Kliman’s reading of Marx, though, is questionable. Marx’s theory of capital accumulation was not a theory of decline, but of dynamism. In Marx’s theory the rate of profit (s/c+v in Marx’s notation) is a superficial expression of the more fundamental rate of exploitation, the difference between the value that the worker produces in the production process and the capital advanced (as wages) to secure his labor power—both at the level of the individual firm, and by extrapolation, across the whole economy.

The surplus value created is the source of the capitalist’s wealth and the fund from which he makes new investments, leading to the accumulation of capital.

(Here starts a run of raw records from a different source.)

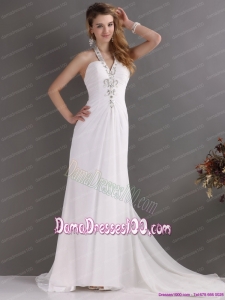 Beautiful 2015 Halter Top White Long Dama Dress with Ruching and Beading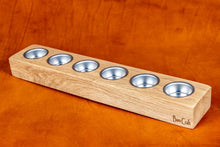 Load image into Gallery viewer, Oak 'Barn Craft' tea light holder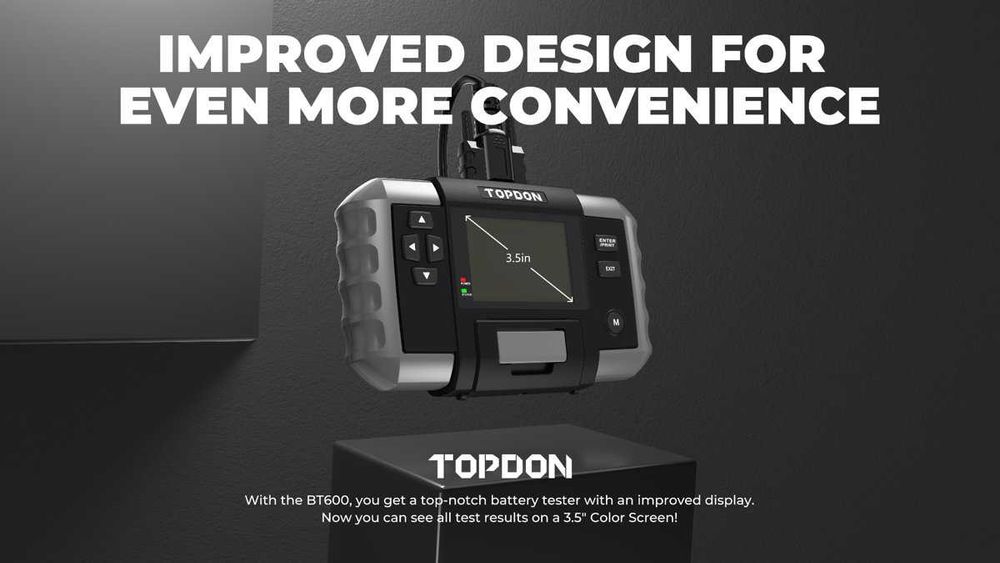 TOPDON BT600 12V–Професионален Тестер за Акумулатори с Вграден Принтер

The part of Marx’s theory that Kliman appeals to is the later, third book of Capital, in which Marx shows the limitations of capitalist dynamism. Over time capitalists invest more in the technical means of production (such as machinery, raw materials, plant—represented as ‘c’, in Marx’s formula, standing for ‘constant capital’) and relatively less on labor power (‘v’, in Marx’s formula, standing for ‘variable capital’)—though labor is the real source of all surplus value. As the non-value creating ‘c’ takes a greater share in the capital advanced relative to the value-creating ‘v’, the surplus ‘s’ though increasing, diminishes relative to the total capital advanced. In that way a greater surplus value (s/v) can still give rise to a smaller rate of profit (s/c+v).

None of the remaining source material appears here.